In simple terms, the economy had to slow, which is why the Reserve Bank (RBA) embarked on an interest-rate-hiking cycle. Part of the transition to slower growth, softer demand and, with that the journey to lower inflation, required a weaker jobs market. The eight interest rate hikes delivered during 2022 are now starting to work.

For the RBA, the labour market news will be welcome. That said, the unemployment rate and the current hard historical data on inflation will see it retaining a bias to hike interest rates at its next few board meetings.

This is a bias that is unlikely to be acted on with an actual rate hike, due to the signs of a broad economic slowdown and a series of other big-picture economic issues. Those issues include:

  • The lagged effect of the 300 basis points of tightening already in the system. There is a lot of policy contraction still to come

  • The yet-to-be-felt effect of the large number of mortgage holders still to have their fixed-rate mortgages reset at materially higher interest rates. This so-called ‘mortgage cliff’, while fully anticipated, will impact cash flows and spending for part of the household sector

  • The global economy is weakening. The risk of an economic hard landing is very real

  • Global inflation is in freefall and these disinflation pressures will be seen in Australia, which will help see inflation fall without the need for further local interest rate hikes

  • Commodity prices are trending lower, which will help dampen broad inflation pressures

  • Falling house prices are impacting household wealth and this will act as a major constraint on household spending through 2023. Further interest rate hikes are not needed and, indeed, if the wealth destruction continues much longer, the case to cut interest rates - not hike them - will be more apparent

While a year is a long time in economics and for monetary policy forecasts, there is a solid chance the RBA will go through the bulk of 2023 with interest rates on hold or with just one move as it fine-tunes settings as new data comes into play.

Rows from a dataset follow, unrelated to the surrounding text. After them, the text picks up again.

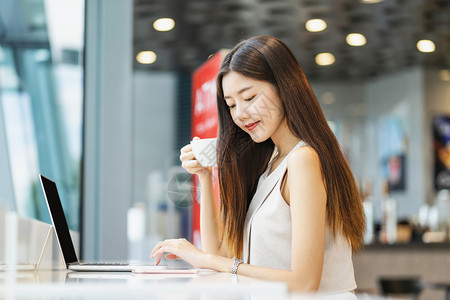 现代的共同工作药片亚洲年轻女持有一杯咖啡在现代店或合用空间使带有技术笔记本电脑的移动话技术智能移动和潮时生活方式企业家概念等亚洲图片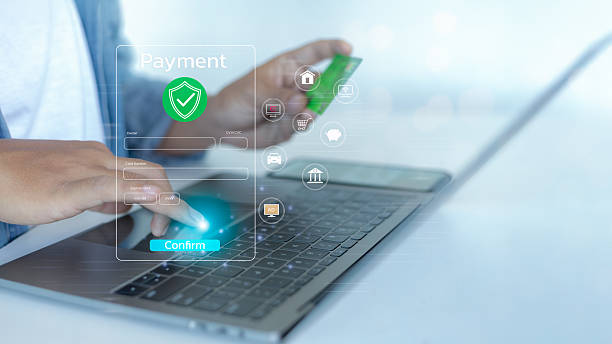 istock A person confirming an online payment using a credit card on a laptop. 2222208401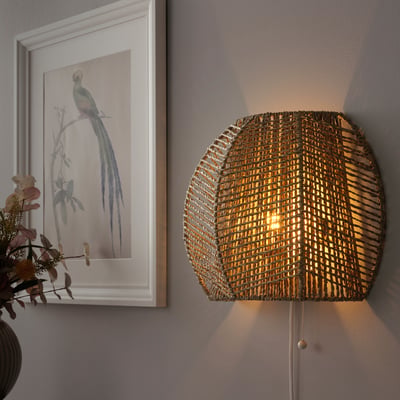 Wall-mounted MÅNALG lamp, hand-braided sedge shade emits warm, decorative light.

It is premature to talk of interest rate cuts, although if annual inflation starts to track towards 2.5 per cent with the unemployment rate lifting to 4.5 per cent, the case for a rate cut would be overwhelming. This is more a question for late 2023 than today.

In the US, the Federal Reserve looks like continuing its rate-hiking cycle - in a reckless fashion in the face of falling inflation and a looming recession. It will almost certainly have to reverse those policy mistakes before year’s end.

The money markets are pricing in a quite aggressive interest-rate-cutting cycle in the US from the second half of 2023, after further hikes from the Fed in the next couple of months. Such is the market view of the Fed’s policy errors and its confidence that inflation will be beaten.

Until then, it will be all eyes on the unfolding trends in economic growth, the labour market and inflation.

If we see weak growth, rising unemployment and a freefall in inflation, monetary policy will quickly turn from the narrative of aggressive interest rate hikes to speculation about rate cuts.